* DATA IN THIS EXERCISE
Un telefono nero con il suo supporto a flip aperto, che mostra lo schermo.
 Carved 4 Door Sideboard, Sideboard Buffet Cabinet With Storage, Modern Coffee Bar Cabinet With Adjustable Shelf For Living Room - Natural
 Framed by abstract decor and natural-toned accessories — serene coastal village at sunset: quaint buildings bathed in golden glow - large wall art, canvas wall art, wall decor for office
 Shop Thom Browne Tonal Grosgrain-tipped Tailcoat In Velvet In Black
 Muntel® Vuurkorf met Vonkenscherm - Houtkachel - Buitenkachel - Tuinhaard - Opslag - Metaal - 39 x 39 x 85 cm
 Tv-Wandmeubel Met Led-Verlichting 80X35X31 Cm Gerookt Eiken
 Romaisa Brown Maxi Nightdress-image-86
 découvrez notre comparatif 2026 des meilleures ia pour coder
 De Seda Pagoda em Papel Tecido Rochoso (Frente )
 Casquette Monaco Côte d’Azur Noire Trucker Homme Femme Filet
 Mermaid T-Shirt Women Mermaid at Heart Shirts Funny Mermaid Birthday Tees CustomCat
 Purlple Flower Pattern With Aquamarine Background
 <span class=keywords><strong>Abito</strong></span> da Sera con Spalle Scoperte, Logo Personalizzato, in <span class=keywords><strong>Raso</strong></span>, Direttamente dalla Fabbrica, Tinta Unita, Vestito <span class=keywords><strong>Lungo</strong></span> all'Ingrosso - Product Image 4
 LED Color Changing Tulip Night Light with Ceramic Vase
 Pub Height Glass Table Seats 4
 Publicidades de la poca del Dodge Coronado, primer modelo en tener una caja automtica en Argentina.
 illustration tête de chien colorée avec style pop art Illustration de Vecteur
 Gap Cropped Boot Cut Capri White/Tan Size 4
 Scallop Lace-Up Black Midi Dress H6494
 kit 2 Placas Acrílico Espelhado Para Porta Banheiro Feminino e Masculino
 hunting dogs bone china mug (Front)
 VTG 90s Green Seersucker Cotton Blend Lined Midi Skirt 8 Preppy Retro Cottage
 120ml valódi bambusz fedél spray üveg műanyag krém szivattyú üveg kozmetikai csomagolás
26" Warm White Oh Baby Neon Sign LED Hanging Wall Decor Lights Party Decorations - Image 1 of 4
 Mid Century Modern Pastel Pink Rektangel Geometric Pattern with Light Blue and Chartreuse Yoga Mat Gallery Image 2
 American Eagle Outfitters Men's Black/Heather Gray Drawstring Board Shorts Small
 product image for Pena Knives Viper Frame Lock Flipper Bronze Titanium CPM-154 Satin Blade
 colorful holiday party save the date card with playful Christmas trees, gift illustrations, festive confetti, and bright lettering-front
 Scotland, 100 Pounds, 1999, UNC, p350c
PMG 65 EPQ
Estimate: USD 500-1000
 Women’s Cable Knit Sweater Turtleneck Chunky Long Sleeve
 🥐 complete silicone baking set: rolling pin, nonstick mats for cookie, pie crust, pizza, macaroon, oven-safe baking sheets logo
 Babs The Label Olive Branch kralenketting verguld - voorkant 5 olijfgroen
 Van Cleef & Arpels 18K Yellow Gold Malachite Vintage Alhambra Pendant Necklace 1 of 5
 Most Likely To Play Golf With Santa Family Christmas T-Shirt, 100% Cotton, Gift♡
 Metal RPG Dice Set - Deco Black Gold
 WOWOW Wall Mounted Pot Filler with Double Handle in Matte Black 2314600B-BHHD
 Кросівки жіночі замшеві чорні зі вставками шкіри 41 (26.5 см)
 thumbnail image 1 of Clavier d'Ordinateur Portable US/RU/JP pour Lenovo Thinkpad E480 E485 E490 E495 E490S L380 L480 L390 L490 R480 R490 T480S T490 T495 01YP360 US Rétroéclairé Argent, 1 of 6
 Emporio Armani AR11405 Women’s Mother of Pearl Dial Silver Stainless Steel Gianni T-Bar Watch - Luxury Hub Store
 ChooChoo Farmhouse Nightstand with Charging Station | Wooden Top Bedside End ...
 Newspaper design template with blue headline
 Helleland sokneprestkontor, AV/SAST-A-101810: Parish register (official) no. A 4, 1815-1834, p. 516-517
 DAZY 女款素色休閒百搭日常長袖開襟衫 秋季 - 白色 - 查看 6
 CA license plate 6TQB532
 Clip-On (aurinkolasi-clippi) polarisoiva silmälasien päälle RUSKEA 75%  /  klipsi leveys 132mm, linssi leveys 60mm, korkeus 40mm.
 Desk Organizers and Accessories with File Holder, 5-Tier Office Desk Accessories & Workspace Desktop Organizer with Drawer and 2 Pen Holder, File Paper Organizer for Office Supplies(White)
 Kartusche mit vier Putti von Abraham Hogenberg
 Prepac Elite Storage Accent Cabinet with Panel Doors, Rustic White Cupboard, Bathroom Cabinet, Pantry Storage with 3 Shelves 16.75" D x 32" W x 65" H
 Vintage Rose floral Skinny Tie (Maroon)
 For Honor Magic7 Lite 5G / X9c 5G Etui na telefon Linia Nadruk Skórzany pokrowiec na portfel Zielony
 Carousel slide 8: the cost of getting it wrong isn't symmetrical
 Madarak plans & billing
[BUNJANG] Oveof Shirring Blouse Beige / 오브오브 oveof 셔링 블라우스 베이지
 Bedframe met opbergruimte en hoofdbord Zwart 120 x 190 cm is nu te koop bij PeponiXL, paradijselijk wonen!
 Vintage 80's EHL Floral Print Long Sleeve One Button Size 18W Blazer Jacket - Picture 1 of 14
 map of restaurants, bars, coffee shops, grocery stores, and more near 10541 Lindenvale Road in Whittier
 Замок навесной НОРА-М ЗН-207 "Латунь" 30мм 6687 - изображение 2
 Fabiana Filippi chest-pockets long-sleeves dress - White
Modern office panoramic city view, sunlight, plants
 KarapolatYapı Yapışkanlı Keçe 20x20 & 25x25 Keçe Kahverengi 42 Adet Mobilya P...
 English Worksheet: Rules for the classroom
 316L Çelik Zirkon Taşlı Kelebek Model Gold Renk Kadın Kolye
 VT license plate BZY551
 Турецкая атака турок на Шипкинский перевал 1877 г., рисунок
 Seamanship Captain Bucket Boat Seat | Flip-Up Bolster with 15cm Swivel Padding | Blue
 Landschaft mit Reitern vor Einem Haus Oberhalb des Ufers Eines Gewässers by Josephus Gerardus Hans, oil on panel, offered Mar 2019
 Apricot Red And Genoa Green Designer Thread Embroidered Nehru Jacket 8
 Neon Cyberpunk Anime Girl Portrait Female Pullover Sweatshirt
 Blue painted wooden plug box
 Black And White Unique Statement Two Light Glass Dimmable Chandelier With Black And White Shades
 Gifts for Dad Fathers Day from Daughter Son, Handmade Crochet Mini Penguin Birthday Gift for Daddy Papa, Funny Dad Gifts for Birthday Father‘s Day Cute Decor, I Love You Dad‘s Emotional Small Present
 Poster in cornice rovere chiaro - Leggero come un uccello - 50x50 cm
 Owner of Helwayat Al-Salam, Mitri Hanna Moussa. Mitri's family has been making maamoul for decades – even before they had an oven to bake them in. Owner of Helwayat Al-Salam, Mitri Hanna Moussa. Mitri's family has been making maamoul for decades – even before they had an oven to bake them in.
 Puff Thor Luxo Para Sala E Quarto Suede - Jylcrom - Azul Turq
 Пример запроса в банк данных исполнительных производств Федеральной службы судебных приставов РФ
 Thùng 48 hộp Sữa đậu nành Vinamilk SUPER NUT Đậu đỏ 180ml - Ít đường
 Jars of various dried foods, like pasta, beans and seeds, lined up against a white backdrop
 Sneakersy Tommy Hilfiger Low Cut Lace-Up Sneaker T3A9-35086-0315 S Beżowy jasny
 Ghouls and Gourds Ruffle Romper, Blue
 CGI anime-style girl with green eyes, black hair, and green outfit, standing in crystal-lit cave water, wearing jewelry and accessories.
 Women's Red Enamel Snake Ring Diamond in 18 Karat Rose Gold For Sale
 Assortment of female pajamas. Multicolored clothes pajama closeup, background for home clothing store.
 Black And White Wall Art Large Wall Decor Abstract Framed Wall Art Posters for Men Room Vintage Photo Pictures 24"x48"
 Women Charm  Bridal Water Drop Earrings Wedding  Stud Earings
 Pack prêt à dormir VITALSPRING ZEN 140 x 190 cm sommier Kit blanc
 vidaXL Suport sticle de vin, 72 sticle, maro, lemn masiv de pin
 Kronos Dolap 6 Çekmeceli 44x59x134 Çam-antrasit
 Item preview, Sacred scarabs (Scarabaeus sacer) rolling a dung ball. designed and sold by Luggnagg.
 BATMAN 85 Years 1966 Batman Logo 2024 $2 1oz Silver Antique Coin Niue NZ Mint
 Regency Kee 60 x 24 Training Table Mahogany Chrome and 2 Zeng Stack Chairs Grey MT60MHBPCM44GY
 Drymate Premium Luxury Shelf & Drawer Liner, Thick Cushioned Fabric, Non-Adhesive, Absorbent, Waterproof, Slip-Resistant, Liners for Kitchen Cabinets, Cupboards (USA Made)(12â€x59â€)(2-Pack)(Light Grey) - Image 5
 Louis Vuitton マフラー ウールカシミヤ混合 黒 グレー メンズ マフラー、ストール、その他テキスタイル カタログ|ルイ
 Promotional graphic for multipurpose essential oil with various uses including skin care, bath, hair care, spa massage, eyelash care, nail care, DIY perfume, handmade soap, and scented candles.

* YOUR INSTRUCTIONS
Only one stretch of the data above is needed. Restate it word for word, from the line containing "VTG 90s Green" through the line containing "Babs The Label", both ends included.

* WRITTEN RESPONSE
 VTG 90s Green Seersucker Cotton Blend Lined Midi Skirt 8 Preppy Retro Cottage
 120ml valódi bambusz fedél spray üveg műanyag krém szivattyú üveg kozmetikai csomagolás
26" Warm White Oh Baby Neon Sign LED Hanging Wall Decor Lights Party Decorations - Image 1 of 4
 Mid Century Modern Pastel Pink Rektangel Geometric Pattern with Light Blue and Chartreuse Yoga Mat Gallery Image 2
 American Eagle Outfitters Men's Black/Heather Gray Drawstring Board Shorts Small
 product image for Pena Knives Viper Frame Lock Flipper Bronze Titanium CPM-154 Satin Blade
 colorful holiday party save the date card with playful Christmas trees, gift illustrations, festive confetti, and bright lettering-front
 Scotland, 100 Pounds, 1999, UNC, p350c
PMG 65 EPQ
Estimate: USD 500-1000
 Women’s Cable Knit Sweater Turtleneck Chunky Long Sleeve
 🥐 complete silicone baking set: rolling pin, nonstick mats for cookie, pie crust, pizza, macaroon, oven-safe baking sheets logo
 Babs The Label Olive Branch kralenketting verguld - voorkant 5 olijfgroen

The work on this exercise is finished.